Amazon S3 is used by many companies for storage purposes. Due to its use as object storage, it offers flexibility with a slew of data types including small objects to massive datasets. Thus, S3 has carved out its niche as a great service which can store a broad scope of data types via a resilient and available environment. As your objects of S3 have to be accessed and read by other AWS services, applications, and end users, do you believe that they are optimized to offer the best possible performance? Here is how you can optimize your S3. Follow these tips to improve your performance with Amazon S3.
Perform TCP Window Scaling
TCP window scaling facilitates developers to improve the network throughput performance via the modification of the header in the TCP packet that uses a window scale. This helps in sending data with a single segment—more than the traditional 64 KB. It is important to note that such practice is exclusive to S3; it functions along with the protocol level. As a result, by using this protocol you can execute window scaling for your client while establishing a connection with a server.
When a connection is established between a destination and source by the TCP, then the next thing is a 3-way handshake that starts up from the source. This means that with the S3 view, it is possible that the client might be required to upload an object to the S3. However, prior to this, you must create a connection with the S3 servers.

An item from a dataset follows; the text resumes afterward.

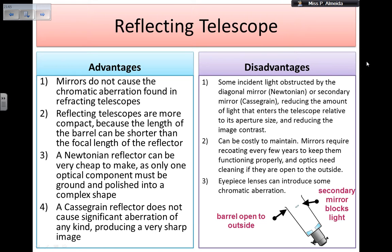Advantages and disadvantages of these telescopes. Advantages: they do not have chromatic aberration. They are more compact because the length of the barrel can be shorter than the focal length of the reflector — as you can see in the Cassegrain design, the rays are sent back to the first mirror through a hole. The Newtonian reflector can be very cheap to make, as there is only one optical component that needs to be polished into a complex shape, so it can be used by many people even without state-of-the-art equipment. The Cassegrain reflector does not cause significant aberration of any kind and produces a very sharp image.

A TCP packet will be sent by the client along with a defined window scale of TCP in the header—such a request is also referred to as SYN request—the first part of the 3-way handshake. When the S3 gets this request, it uses an SYN/ACK message to send a response to the client while using the same window scale factor—this forms the second part of the 3-way handshake—maintaining the relevant window scale factor. The third and final part consists of an ACK message which is sent to the S3 server—it serves as the response’s acknowledgment. A connection is generated after this 3-way handshake ends where the S3 and client can finally exchange data.
In order to send more data, you can widen the window size via a scale factor. This helps in sending voluminous amount s of data via a single segment whereas your speed is also quickened.
Use Selective Acknowledgment
At times while using TCP, it is not uncommon for packets to get lost. To figure out which of the packets went missing is hard within a TCP window. Consequently, at times it is possible to resend all of these packets. However, then the receiver may have received some of the packets so this is an ineffective strategy.
Instead, you can use TCP SACK (selective acknowledgment) for improving performance where the sender receives notifications about which were the failed packets for a window. As a result, the sender can then easily only resend the failed packets.
However, it is necessary that the source client or the sender initiates the SACK when a connection is being established amidst the handshake’s SYN phase. Such an option is also called as SACK-permitted. For using and implementing SACK, you can visit this link.
Setting Up S3 Request Rates
Alongside TCP SACK and TCP Scaling, S3 is quite nicely optimized to address a high request throughput. A year back, in 2018, AWS introduced a new change for these request rates. Before the announcement, it was recommended that the prefixes can be randomized within the bucket to help with performance optimization—there is no more need for it. Now exponential growth of request rate performance can be achieved when more than one prefixes within the bucket are used.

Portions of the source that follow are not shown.